Ainsi, des aides publiques et privées sont mises à la disposition des foyers pour les inciter à remplacer leur chaudière à gaz après en avoir fait la promotion depuis 2012. En font partie les CEE, MaPrimeRénov, la TVA à 5,5 %, les aides des collectivités territoriales ou encore le chèque énergie pour les 20 % des foyers les plus modestes. Les Français peuvent également avoir recours à l’éco-prêt à taux zéro (éco PTZ).
Par ailleurs, le fonds vert géré par l’Agence de l’environnement et de la maîtrise de l’énergie (ADEME) soutient le développement de la production renouvelable de chaleur (réseaux de chaleur, biomasse, géothermie, solaire thermique, méthanisation, récupération de chaleur fatale). Le fonds devrait être abondé à hauteur de 2,3 milliards d’euros en 2030, avant de se stabiliser à 1,6 milliard d’euros « à horizon 2035 ».
En effet, 38 % de chaleur consommée en France devra être d’origine renouvelable à l’horizon 2030 et la production de chaleur devra être décarbonée à 100 % en 2050. À ce titre, la DGEC projette un mix électrique à 30 % nucléaire et 70 % renouvelables en 2050.
La filière doit ainsi s’adapter en proposant des alternatives techniques, comme la pompe à chaleur, la chaudière biomasse, le chauffe-eau solaire, ou le réseau de chaleur urbain. À ce titre, les spécialistes recommandent cette dernière option car l’efficacité et la sobriété énergétique ne doivent pas être pensées par logement ou parcelle mais bien dans un ensemble. Cette alternative est déjà largement répandue dans le nord et dans l’est de l’Europe.
Par ailleurs, la pose de chauffage électrique n’est pas encouragée avec la nouvelle réglementation RE2020 pour éviter l’effet Joule. L’électrique est donc davantage encouragé comme solution alternative, d’appoint, en sus d’un autre mode de chauffage à énergie renouvelable (pompe à chaleur ou chauffage solaire par exemple).

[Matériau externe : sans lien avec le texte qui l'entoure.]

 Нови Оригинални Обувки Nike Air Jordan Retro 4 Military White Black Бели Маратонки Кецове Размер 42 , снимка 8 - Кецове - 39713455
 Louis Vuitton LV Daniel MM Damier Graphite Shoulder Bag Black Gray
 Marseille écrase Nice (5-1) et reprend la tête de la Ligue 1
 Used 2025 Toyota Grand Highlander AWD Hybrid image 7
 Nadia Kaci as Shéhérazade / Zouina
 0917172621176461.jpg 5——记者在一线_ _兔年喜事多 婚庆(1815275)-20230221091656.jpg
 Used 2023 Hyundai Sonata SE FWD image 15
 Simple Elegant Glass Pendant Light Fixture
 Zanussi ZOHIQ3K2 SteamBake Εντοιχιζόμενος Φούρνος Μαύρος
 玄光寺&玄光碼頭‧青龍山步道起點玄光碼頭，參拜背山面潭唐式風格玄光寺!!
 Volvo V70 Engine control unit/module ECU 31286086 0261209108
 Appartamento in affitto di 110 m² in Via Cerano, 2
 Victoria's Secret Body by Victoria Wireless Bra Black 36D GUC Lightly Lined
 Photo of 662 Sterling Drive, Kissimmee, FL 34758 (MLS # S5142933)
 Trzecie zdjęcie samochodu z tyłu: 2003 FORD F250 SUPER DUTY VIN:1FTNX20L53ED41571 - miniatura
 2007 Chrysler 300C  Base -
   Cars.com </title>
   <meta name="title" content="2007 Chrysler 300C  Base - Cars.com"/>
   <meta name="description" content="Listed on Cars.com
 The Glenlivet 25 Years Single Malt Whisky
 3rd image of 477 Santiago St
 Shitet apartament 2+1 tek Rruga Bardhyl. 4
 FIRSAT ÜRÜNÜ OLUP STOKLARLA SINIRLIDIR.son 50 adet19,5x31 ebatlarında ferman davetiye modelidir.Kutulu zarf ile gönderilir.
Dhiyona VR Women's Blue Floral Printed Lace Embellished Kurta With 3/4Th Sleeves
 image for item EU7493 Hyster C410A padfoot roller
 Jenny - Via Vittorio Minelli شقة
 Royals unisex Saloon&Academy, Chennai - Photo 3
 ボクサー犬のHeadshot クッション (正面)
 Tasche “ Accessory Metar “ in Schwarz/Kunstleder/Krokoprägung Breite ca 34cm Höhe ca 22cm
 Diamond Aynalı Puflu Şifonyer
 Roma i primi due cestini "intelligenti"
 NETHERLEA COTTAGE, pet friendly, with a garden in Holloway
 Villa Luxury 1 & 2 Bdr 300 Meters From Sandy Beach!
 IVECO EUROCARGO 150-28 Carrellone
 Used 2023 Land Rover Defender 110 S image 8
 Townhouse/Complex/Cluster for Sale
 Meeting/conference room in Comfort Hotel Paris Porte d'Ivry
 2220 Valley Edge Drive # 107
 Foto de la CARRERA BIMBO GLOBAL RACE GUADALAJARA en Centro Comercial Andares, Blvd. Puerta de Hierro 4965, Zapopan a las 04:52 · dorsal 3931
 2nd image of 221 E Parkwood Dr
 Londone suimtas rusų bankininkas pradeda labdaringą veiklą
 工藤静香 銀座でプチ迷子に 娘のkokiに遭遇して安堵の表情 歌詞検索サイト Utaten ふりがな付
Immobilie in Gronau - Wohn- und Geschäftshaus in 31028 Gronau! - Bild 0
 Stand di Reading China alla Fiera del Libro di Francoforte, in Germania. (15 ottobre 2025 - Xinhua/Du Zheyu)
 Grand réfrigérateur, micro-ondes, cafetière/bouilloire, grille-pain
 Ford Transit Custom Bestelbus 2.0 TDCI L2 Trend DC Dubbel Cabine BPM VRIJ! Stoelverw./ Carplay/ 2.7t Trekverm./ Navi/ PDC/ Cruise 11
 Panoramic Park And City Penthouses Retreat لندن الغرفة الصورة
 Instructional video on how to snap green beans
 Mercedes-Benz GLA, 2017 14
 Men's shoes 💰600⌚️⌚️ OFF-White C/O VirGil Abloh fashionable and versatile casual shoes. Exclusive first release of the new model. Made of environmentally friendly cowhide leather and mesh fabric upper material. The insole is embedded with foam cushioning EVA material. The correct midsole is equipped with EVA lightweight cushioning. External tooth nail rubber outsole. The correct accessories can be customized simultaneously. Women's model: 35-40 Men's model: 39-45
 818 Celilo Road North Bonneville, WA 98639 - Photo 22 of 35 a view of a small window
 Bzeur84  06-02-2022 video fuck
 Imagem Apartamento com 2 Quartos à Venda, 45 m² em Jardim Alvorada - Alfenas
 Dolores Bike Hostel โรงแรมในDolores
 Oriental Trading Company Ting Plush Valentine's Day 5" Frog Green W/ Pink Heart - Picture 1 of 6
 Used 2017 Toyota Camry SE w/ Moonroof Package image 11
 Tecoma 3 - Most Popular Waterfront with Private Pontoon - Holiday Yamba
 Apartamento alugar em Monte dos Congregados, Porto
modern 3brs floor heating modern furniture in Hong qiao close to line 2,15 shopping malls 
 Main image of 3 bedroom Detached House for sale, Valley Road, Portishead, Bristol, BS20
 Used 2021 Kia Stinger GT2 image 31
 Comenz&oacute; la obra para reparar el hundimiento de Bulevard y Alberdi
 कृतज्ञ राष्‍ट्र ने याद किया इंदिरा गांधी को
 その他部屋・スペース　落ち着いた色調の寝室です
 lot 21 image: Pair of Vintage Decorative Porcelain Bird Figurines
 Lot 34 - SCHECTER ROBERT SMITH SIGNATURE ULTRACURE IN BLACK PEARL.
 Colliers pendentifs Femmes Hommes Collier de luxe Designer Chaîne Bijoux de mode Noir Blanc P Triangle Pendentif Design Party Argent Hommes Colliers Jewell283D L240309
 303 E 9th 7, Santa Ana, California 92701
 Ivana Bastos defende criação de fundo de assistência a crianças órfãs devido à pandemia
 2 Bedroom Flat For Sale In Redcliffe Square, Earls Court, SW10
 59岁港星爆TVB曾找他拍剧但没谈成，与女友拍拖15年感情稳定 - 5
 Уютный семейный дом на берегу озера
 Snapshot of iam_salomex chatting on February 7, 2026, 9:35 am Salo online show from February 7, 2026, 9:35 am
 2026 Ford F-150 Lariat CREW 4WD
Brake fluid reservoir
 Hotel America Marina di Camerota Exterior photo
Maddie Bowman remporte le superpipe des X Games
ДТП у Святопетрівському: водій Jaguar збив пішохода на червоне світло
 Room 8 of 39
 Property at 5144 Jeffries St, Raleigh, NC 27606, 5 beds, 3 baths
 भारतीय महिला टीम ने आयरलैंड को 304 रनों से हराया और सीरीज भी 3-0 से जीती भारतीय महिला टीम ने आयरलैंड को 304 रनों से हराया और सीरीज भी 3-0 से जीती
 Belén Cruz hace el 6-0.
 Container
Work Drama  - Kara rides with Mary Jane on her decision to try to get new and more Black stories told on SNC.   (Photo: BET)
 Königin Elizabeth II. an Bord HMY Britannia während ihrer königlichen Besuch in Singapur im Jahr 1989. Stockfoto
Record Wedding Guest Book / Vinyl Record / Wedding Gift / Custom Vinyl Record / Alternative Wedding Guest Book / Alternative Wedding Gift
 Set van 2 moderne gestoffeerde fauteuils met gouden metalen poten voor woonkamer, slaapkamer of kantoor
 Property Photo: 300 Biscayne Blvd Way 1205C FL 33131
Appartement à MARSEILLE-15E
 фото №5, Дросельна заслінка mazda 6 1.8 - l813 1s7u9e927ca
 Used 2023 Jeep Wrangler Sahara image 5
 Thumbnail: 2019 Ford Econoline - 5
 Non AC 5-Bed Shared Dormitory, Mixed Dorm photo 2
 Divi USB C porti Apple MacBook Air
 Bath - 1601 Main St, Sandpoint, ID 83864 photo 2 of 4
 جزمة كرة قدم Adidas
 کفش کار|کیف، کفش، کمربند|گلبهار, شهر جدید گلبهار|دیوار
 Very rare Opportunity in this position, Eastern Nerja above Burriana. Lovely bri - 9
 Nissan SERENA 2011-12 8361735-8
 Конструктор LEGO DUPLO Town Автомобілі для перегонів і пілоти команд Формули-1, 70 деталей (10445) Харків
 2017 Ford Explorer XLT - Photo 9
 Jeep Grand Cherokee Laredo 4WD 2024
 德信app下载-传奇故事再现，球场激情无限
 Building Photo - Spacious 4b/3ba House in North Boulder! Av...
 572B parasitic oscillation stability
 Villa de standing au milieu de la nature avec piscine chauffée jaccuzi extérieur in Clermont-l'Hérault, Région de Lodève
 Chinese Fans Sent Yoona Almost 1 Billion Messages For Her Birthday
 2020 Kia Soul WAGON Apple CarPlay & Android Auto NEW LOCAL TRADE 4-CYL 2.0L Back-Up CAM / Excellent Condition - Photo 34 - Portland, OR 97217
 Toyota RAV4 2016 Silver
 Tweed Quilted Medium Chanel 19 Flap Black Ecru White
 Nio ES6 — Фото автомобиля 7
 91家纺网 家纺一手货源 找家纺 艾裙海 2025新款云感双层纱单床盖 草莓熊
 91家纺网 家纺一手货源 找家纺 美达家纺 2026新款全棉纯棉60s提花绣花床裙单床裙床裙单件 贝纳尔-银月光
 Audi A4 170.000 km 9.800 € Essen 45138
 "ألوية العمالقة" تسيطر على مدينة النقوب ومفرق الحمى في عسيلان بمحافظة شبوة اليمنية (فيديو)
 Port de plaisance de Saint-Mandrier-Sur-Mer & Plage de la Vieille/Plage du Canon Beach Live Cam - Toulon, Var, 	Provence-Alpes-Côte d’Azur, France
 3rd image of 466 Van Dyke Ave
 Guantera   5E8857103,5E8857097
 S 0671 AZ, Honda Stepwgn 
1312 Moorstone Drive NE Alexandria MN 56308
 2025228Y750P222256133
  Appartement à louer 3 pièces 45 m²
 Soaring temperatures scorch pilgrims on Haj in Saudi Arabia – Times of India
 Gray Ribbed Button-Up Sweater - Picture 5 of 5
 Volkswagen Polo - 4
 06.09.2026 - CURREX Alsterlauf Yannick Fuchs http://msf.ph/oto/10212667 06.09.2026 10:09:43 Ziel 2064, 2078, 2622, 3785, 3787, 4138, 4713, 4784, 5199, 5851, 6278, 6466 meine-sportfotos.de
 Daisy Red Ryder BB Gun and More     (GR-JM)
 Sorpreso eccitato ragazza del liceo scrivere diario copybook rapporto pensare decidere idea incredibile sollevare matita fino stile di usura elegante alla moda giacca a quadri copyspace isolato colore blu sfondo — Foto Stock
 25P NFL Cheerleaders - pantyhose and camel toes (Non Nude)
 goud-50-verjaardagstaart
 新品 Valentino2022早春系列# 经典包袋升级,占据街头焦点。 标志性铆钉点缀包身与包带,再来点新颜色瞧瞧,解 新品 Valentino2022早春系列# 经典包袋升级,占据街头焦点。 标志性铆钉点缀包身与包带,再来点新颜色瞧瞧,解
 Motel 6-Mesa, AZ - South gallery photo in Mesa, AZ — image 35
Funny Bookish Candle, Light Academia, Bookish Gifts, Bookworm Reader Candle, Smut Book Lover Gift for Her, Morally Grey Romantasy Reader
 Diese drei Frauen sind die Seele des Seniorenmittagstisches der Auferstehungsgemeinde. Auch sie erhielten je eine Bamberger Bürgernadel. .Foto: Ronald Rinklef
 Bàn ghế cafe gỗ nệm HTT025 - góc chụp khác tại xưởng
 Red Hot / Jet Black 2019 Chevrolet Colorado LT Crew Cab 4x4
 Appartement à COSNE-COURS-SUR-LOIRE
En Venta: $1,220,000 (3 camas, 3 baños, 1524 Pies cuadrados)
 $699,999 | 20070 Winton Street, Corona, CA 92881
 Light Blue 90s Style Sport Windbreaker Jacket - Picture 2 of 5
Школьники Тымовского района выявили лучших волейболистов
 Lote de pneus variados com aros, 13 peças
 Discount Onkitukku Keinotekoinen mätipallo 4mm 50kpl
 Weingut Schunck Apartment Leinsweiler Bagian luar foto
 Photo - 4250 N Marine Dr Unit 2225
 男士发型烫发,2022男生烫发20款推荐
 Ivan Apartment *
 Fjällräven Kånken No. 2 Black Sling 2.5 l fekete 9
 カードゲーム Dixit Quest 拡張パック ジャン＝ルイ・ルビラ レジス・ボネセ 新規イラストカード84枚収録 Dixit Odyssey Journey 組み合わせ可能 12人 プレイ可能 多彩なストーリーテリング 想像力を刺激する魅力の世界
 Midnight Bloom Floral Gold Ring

En tout état de cause, il est probable que la flambée des prix du gaz ait eu un impact non négligeable sur le déclin des chaudières à gaz. Ce phénomène s’observe d’ailleurs depuis quelques années. Ainsi le syndicat professionnel Uniclima constate une chute brutale des chaudières à gaz et au fioul depuis 2022 (-30 %). Cette année-là, 500 000 équipements ont été vendus contre 715 000 en 2021. Si une telle augmentation est amenée à se poursuivre, tout porte à croire que les consommateurs se détourneront des chaudières à gaz.